▶ [WHAT YOU NEED TO DO] Leave out the pictures, and retype the remaining data exactly.

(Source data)
_ _ _ _ _ _ _

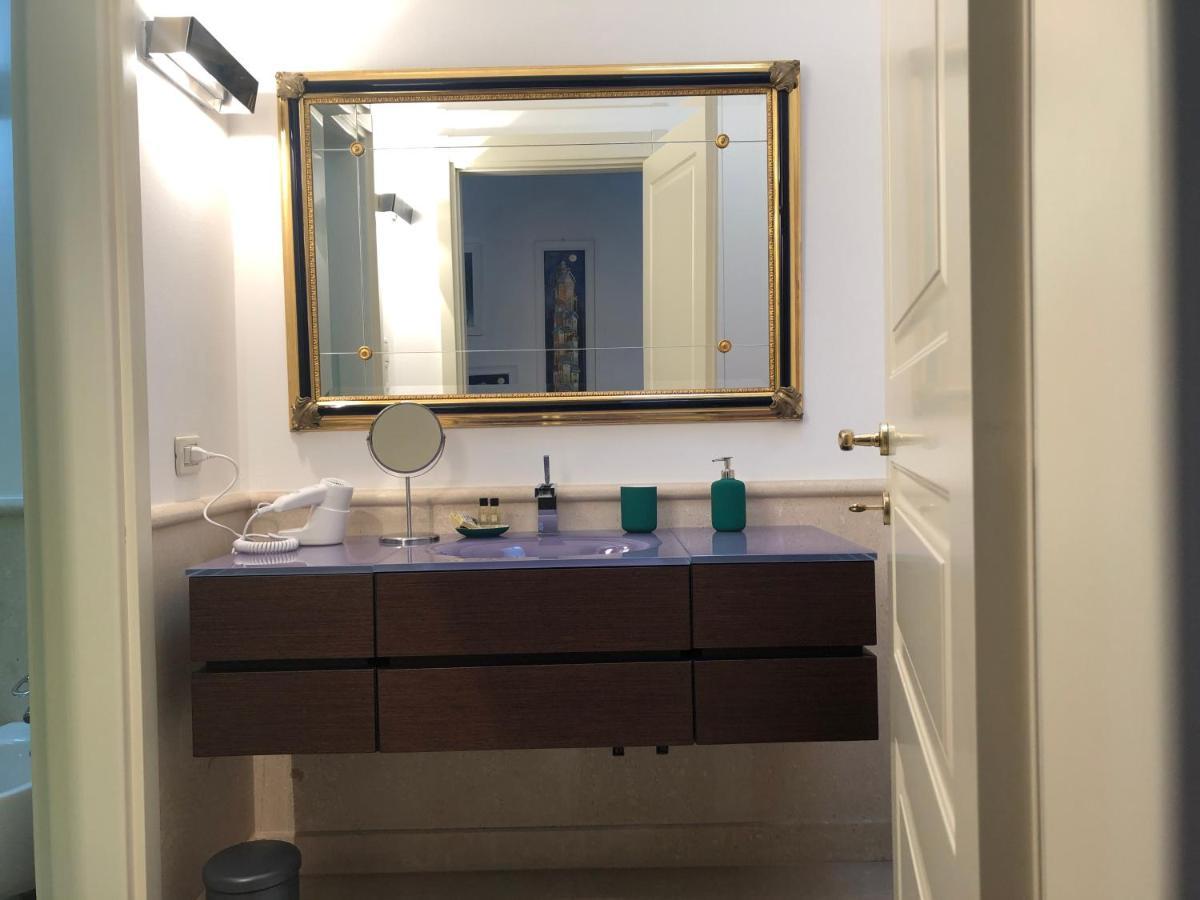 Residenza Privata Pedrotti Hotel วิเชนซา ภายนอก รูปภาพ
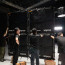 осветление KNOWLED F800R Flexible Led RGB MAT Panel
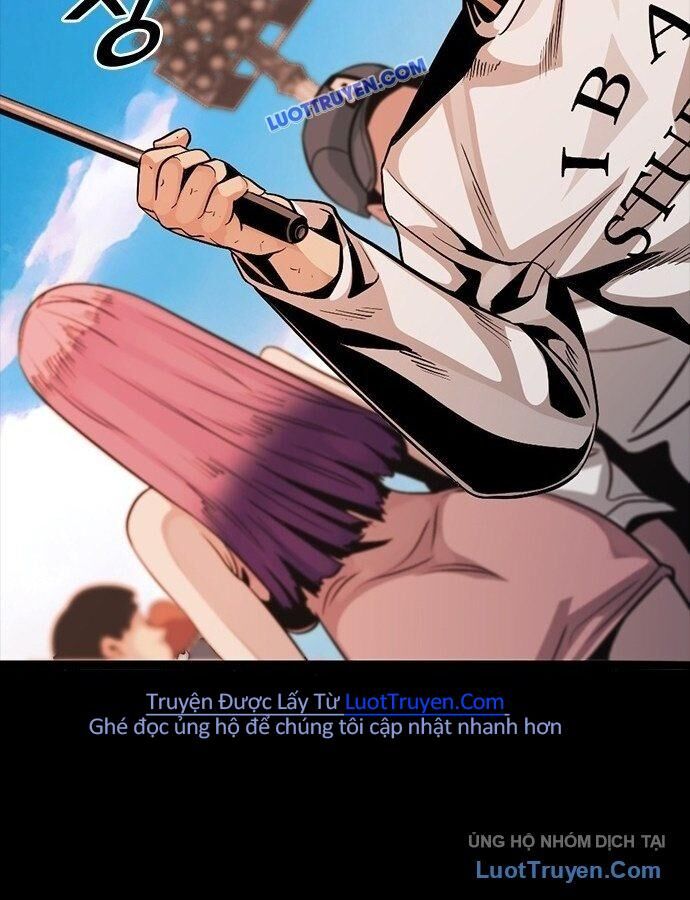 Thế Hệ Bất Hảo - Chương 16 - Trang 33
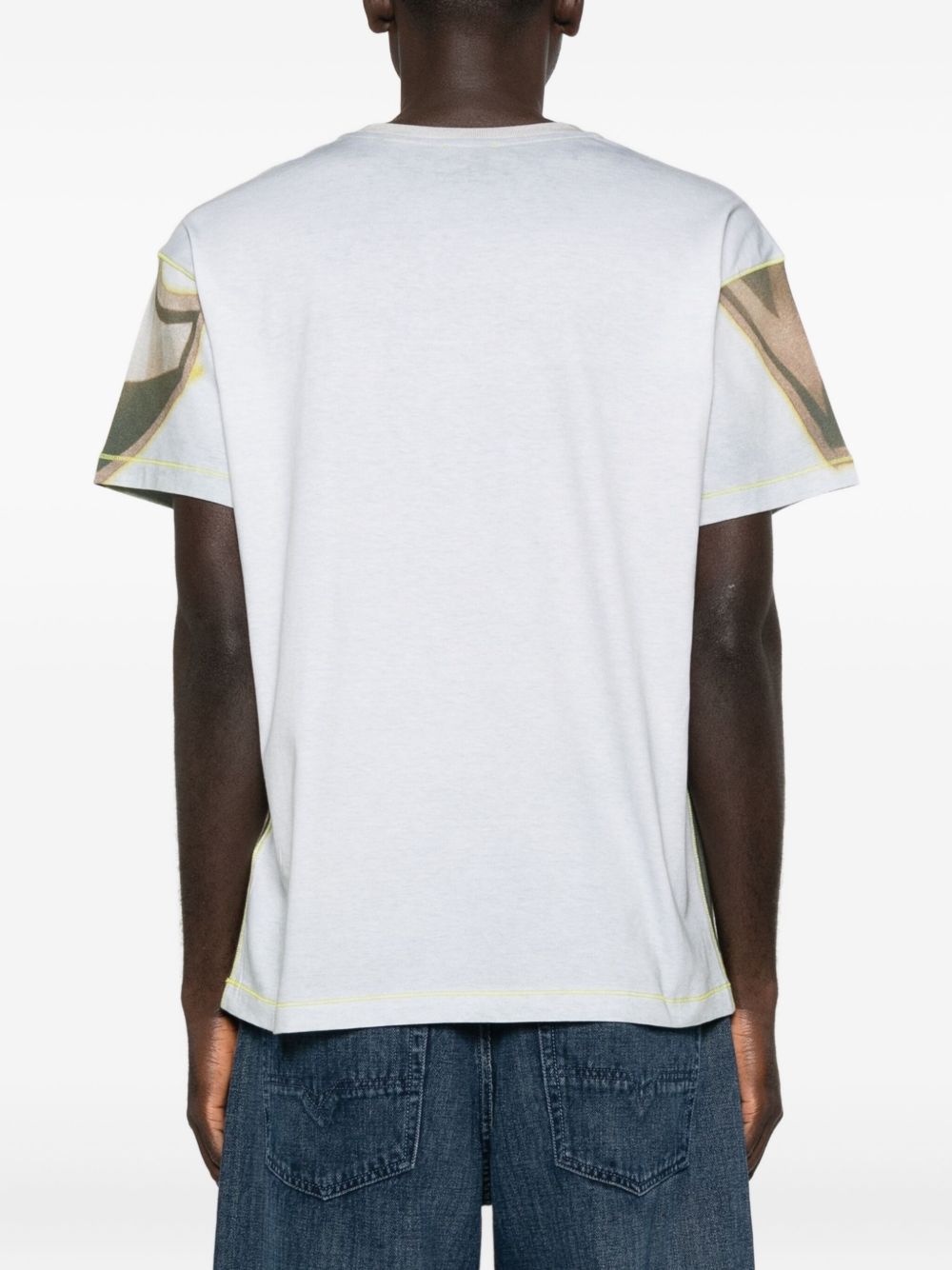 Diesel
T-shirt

_ _ _ _ _ _ _

▶ [ANSWER AREA]
 Residenza Privata Pedrotti Hotel วิเชนซา ภายนอก รูปภาพ
 осветление KNOWLED F800R Flexible Led RGB MAT Panel
 Thế Hệ Bất Hảo - Chương 16 - Trang 33
 Diesel
T-shirt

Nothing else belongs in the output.